Top positive review
14 people found this helpful
on 20 June 2013
One of the great European writers of the twentieth century, Thomas Mann is one of those figures who still looms large over literature. 'Death in Venice' is (rightly) regarded as one of his finest works, forming an appropriate ending to this collection, but many of the other stories in this volume are also excellent and everything here is worthy of any thoughtful reader's time.
Aside from collecting so many of Mann's finest early works, this collection is worth commending for its excellent introduction, which does much to illuminate Mann's life and work and the cultural context which gave birth to his extraordinary writing. Not knowing what to expect, I delved into the introduction first and already found that a certain sadness pervaded my view of Mann, merely from the biographical aspects of it. This became very potent as I read through the stories, and it was hard not to make comparisons between the life described in the introduction and the lives we glimpse in the stories.
Many of the stories in this collection form variations on a similar theme: that of young men who waste their lives only to come to their senses all too late. Naturally, this makes it a rather melancholic read at times but the death (or non-birth) of youth is a fascinating theme. Although this may make some of the works seem like templates, this is definitely not the case - Mann's real skill is his gift for relating the high emotions of his characters, even when they are not obvious to those around them. Because of this, the reader has to approach them with empathy; although Mann's writing is not as formally inventive as some of his contemporaries, perhaps the 'difficulty' of his work lies in its emotional nuances. Fortunately, he shares the empathy of the reader in bringing his characters to life.
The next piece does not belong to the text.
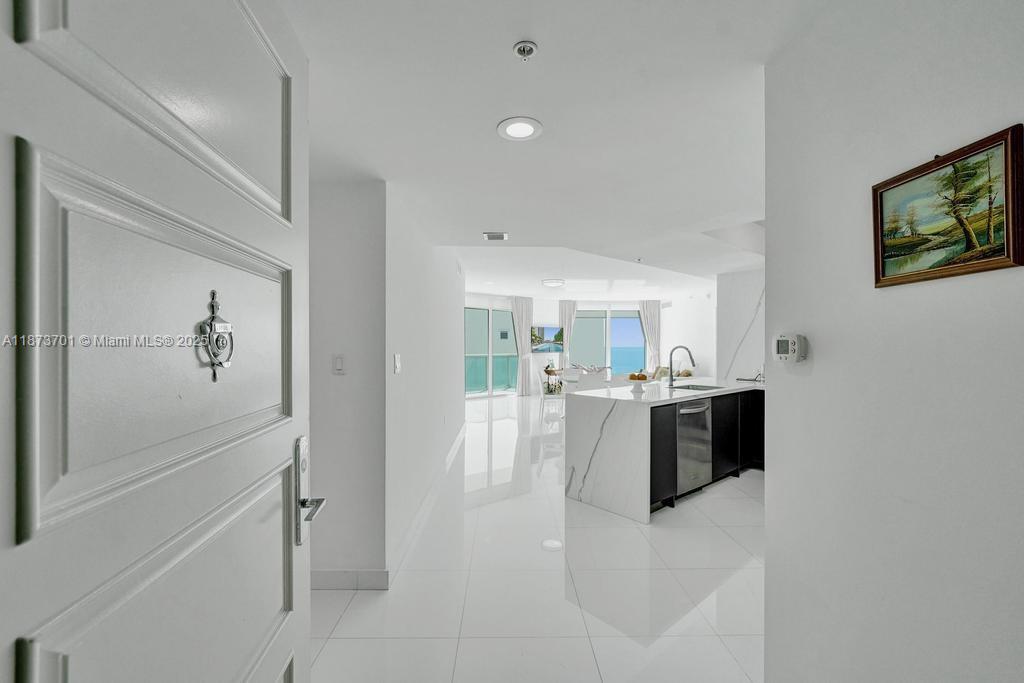 150 Sunny Isles Blvd # 1606 Unit: 1-1606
No matter how good the likes of 'Little Herr Friedemann' are, the two best works come last. 'Tonio Kroeger' is the archetypal kunstlerroman (novel of artistic development). This novella forms something of an analogue for Mann's own development as a writer, setting up sublimation as a key aspect of Mann's writing. The idea of sublimation becomes even more important in 'Death in Venice' itself. Deservedly regarded as a literary classic, the final part of this collection forms one of Mann's greatest achievements. Amidst a world of decay, Gustav von Aschenbach goes on holiday to Venice only to develop an obsessive infatuation with Tadzio, a young Polish boy staying in the same hotel. The protagonist's obsession is so great that even a cholera outbreak is not enough to drive him away from the object of his desire as he becomes increasingly in thrall to his infatuation and loses touch with everything else. In spite of the obvious sadness of von Aschenbach, the experience creates something of an artistic awakening in him, giving us a glimpse of the strange genesis of artistic inspiration.